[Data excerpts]
____________

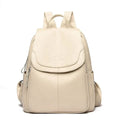 Diebstahlsicherer Lederucksack Damen | Rucksack für Reisen und Alltag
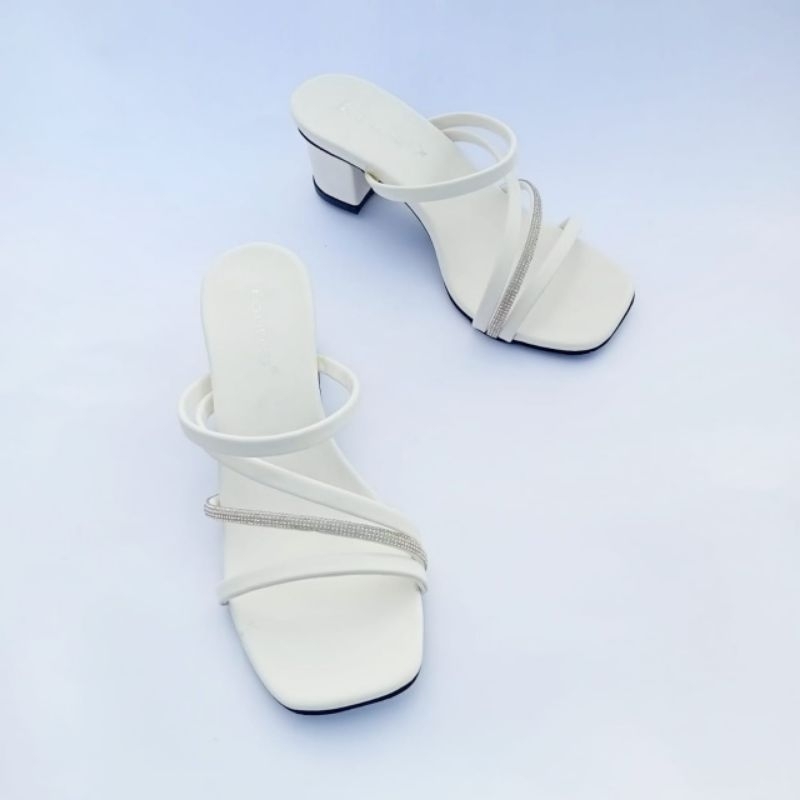 Sandal Chunky Heels Tali Slide 5cm Trend Terbaru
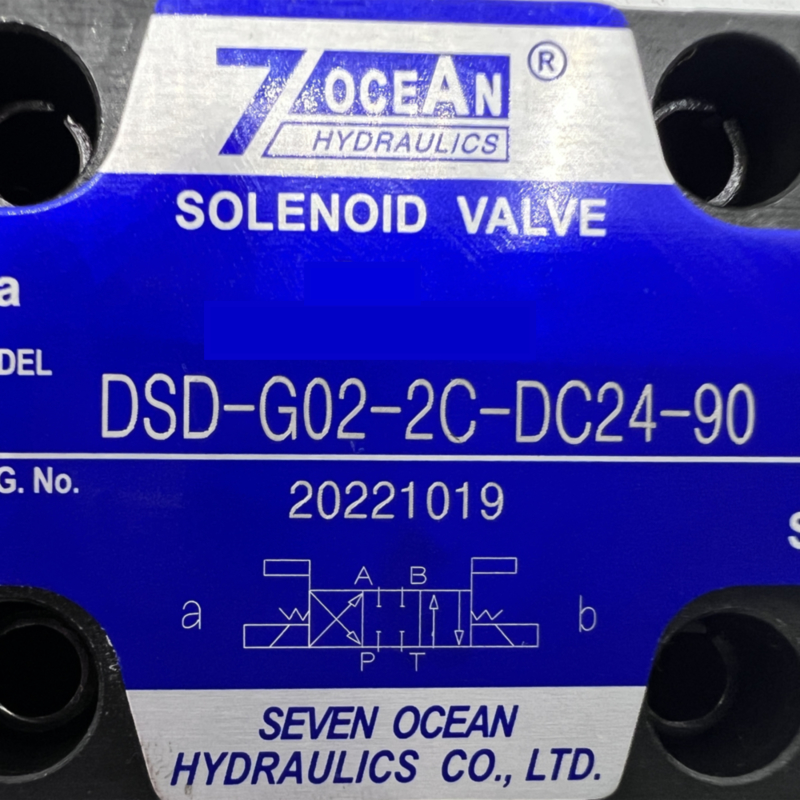 DSD-G02-2C-DC24-90 DC24V 전압 전자 밸브 7OCEAN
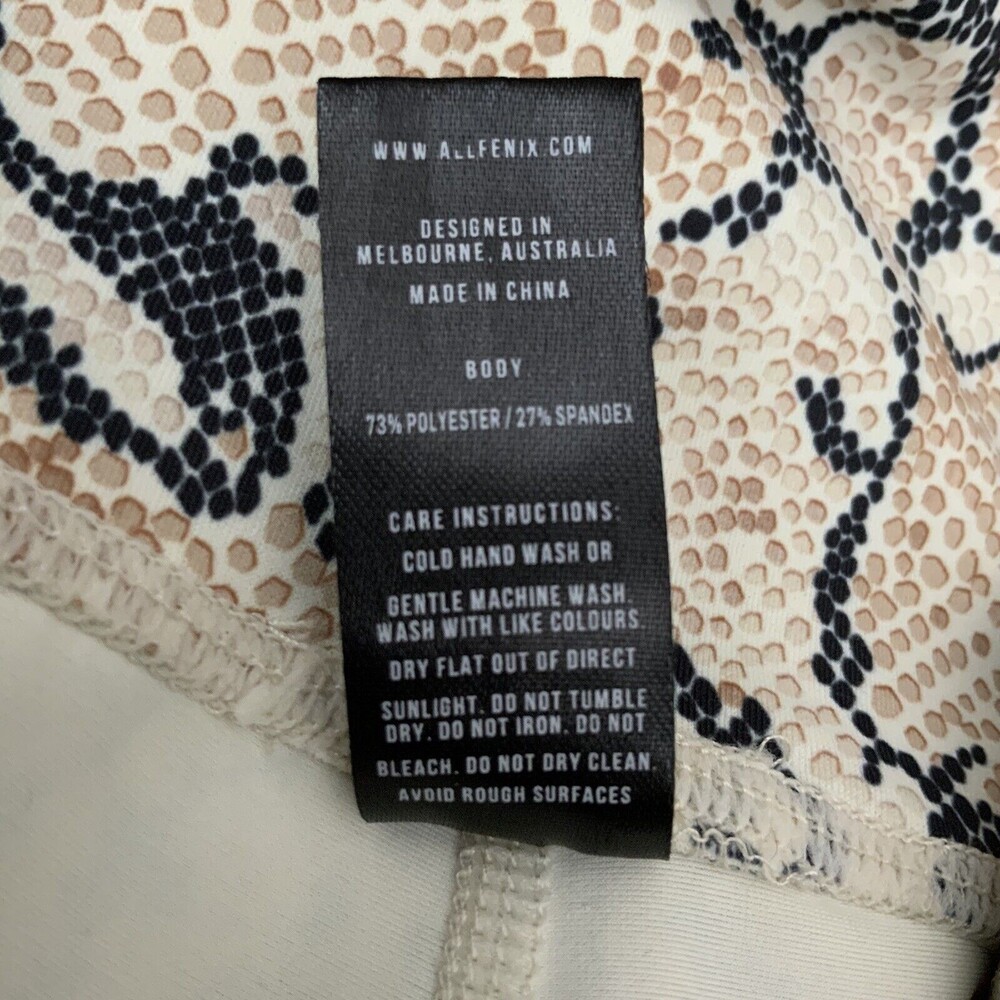 All Fenix Leggings S Neutral Python Print 7/8 Pul… - image 6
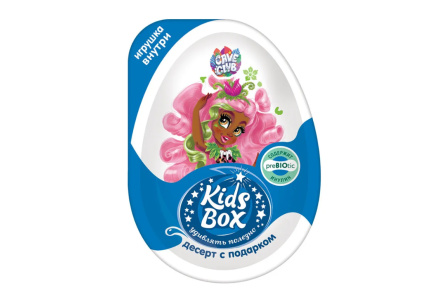 Шоколадное яйцо КИДСБОКС CAVE CLUB 20гр С подарком 1/16шт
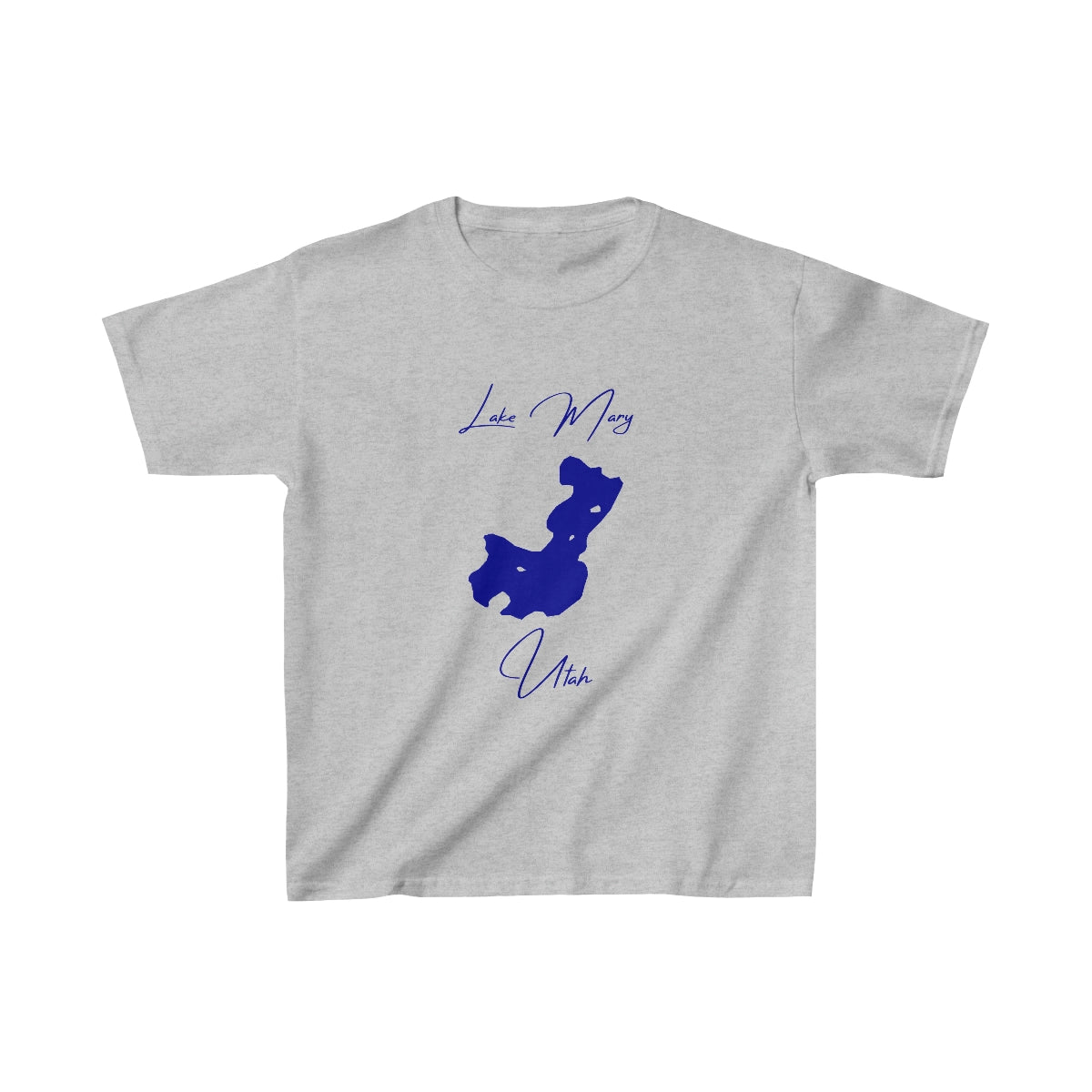 Utah  Lake  Mary  Youth  T-shirt  front  position  view  from  front  sport  grey.webp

____________

* _TASK INSTRUCTIONS_: Copy every record exactly, leaving the pictures out.

* _ANSWER BOX_:
 Diebstahlsicherer Lederucksack Damen | Rucksack für Reisen und Alltag
 Sandal Chunky Heels Tali Slide 5cm Trend Terbaru
 DSD-G02-2C-DC24-90 DC24V 전압 전자 밸브 7OCEAN
 All Fenix Leggings S Neutral Python Print 7/8 Pul… - image 6
 Шоколадное яйцо КИДСБОКС CAVE CLUB 20гр С подарком 1/16шт
 Utah  Lake  Mary  Youth  T-shirt  front  position  view  from  front  sport  grey.webp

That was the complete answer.